Before I get too far into this post, I wanted to let you know about the next big thing.
The Holiday Streaking Challenge
It’s the holiday time so it’s time to get active. The holidays are focused on family, friends, and food. I don’t like to admit that it’s about food but it is the reality of the situation. I want to encourage everyone to get active over the two month period so I’m starting the streaking challenge. No, you don’t have to run, you can walk. The challenge is to walk or run a mile every day until the New Year. Do you want to join the party? Visit the Facebook group from the Facebook page (I’m having problems linking the actual group right now.)
Truth is I’m probably trying to do too much and there are times when I feel like there’s not much left at the end of the day. I use to be a strong multi-tasker and now that has all gone away. If I try to do too many things at one time, something is going to go wrong. I’ve had to cut the list down each day which means priorities are coming into question.
Let’s just take a minute to break things down for you.
This has basically been non-existent. I’ve been rotating the same four meals every week for MONTHS. Tacos, turkey burgers, meatloaf, and something else I can’t really remember right now. All served with a veggie side and sweet potatoes. When all of that fails, there have been Healthy Choice or Lean Cuisine meals.
I haven’t really been taking the time to make this work. I really just haven’t been taking the time to prep meals and get things done the way I once did. The one thing I don’t mind every week is the sweet potatoes.
I need to focus on making foods in the crockpot and I’m thinking about getting an Instapot but the whole idea still worries me. BUT I see people making things in their Instapot which looks really good. I think I’ll be looking for a serious Black Friday deals. I see Target will have one for $69 but that’s not really a deal. I might end up getting one beforehand.
The Mom Life
This is always hard because things come up that you can’t plan for in life. That is hard for me because I’m a very schedule oriented person when something happens off plan it throws me into a tailspin. I should probably learn to be a little more adaptable. I do roll with the punches in life, but sometimes it’s just hard.

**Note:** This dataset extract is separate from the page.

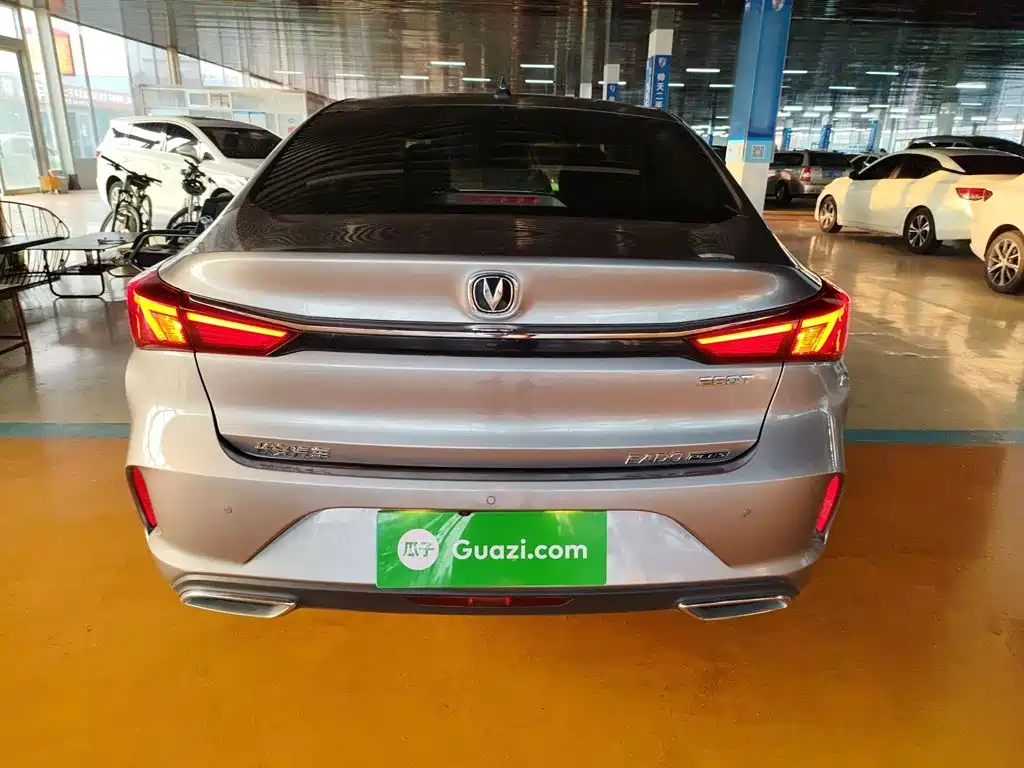 Changan Eado — миниатюра 6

Being a mom is always the first priority. I’m a working mom who also brings her kid to work. I’m blessed that I am able to do that but it just adds a little something extra on my day. Most days are easy but those off days of her having bad days can really mess things up. I manage to deal all of this with as much grace as I can. Things are just busy but I wouldn’t trade it for anything in the world.
If you want to know the real answer to the question, here it is. I’ve been trying to be the best mom I can be and balance everything else. I will say this every day of my life, but it’s a humbling experience. But the moments are ones I wake up for every day.
Exercising and Running
Most weeks I work out six days a week. My goal is always to get at least 45 minutes of exercise a day. Lately, I’ve been tired and I don’t always get up to work in the morning in the name of getting sleep. I do still teach my cycle class twice a week.
I’m exactly one month away from my marathon. December 2nd is coming up soon and training has been DRAINING! Before I could run on my own schedule and not worry about it. If I needed to sleep, it would be ok to just run later. I don’t really have those options anymore which has made this training cycle very challenging for me (along with a few other things).
I love running but my body doesn’t always enjoy running. My hips don’t move the way they did pre-baby but I’m working through this issue every day. I’m just looking forward to finishing my last month of training to run the marathon. It hasn’t been easy and some days have just haven’t been in my favor.
I just have to keep reminding myself that it’s how I handle the challenges that make me stronger.
Sometimes life gets in the way of doing the things you want to do. Maybe I’m learning the hard lesson that you can’t have it all the way you envision it. But you know what, I can have enough and I want to be the best version of myself doing the things I want in my life. I need to reshuffle and regroup but I’m still here.